Even worse was the way the program avoided the core problem facing us -- the need to bridge the huge gap between state spending and tax revenue that has opened up here after the property collapse. We're spending over €55 billion and getting around €32 billion in tax, and the figures keep getting worse.
The shortfall has to be borrowed and that cannot continue or we really will go bust. And there are no easy answers.
One-third of all state spending goes on welfare payments and another one-third on pay for state workers, so there has to be major cuts in those areas if we are to start getting the budget back in line.

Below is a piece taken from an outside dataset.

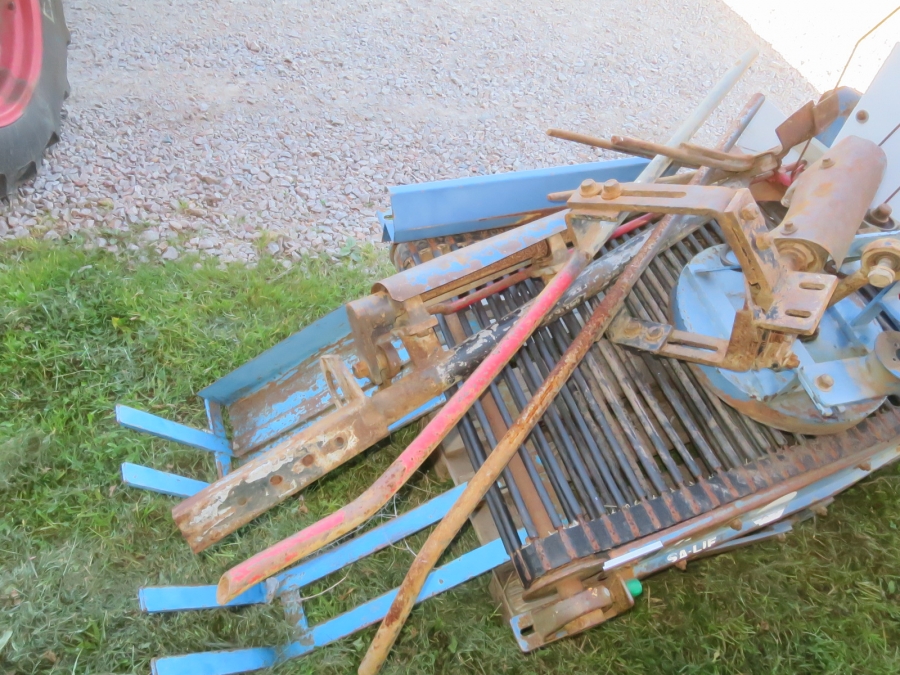 5099 Asa-Lift dill chives and leek harvester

The money to keep us going in the meantime is coming from the European Central Bank, and we have agreed with the European Union to a program of cuts over the next three or four years - this year we have to cut a whopping €4 billion from state spending.
What did the Greens have to say about this? Nothing.

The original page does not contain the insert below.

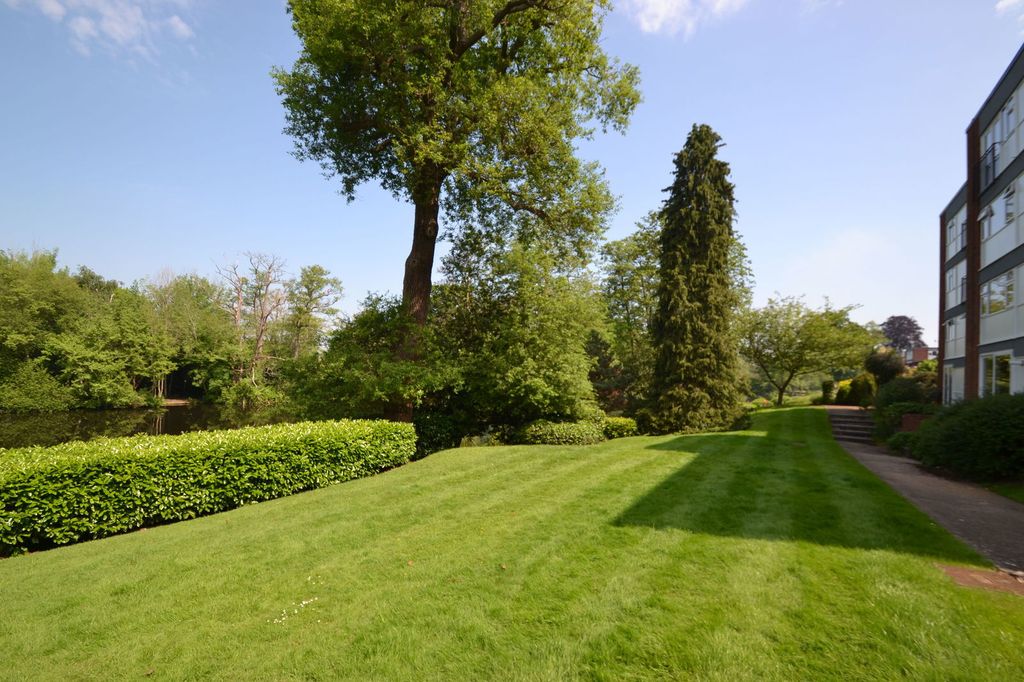 Property photo 2 of 11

What did they have to say about the real hot potato, the necessity to cut state sector pay and pensions, which are very high by British and European standards? Nothing.
They did agree that the government must reduce the cost of the state services, but at the same time they promised to employ more, not fewer, state workers. Because they think education is important (don't we all) they promised to hire 500 extra school teachers and to dump the plan Fianna Fail was working on to reintroduce university fees.
They did this without making any proposals on teacher pay, even though the average teacher here earns 30 percent more than in Britain, and university staff in Ireland are among the highest paid in Europe.
How are the Greens going to plug the gap in the state finances? "We will stabilize the public finances through a combination of taxation and expenditure savings," they say. Which tells us nothing.
So at the very time when real leadership is needed here to get the population to face up to the tough choices ahead, the Greens give us waffle. They have no detailed proposals about the deep cuts we need to make to restore our competitiveness and protect jobs in the real - not state - economy.
At the very time when we need to wake up to reality and cut back on state spending before the International Monetary Fund (IMF) comes in, the Greens carry on as before. I wonder is our dentist a party member?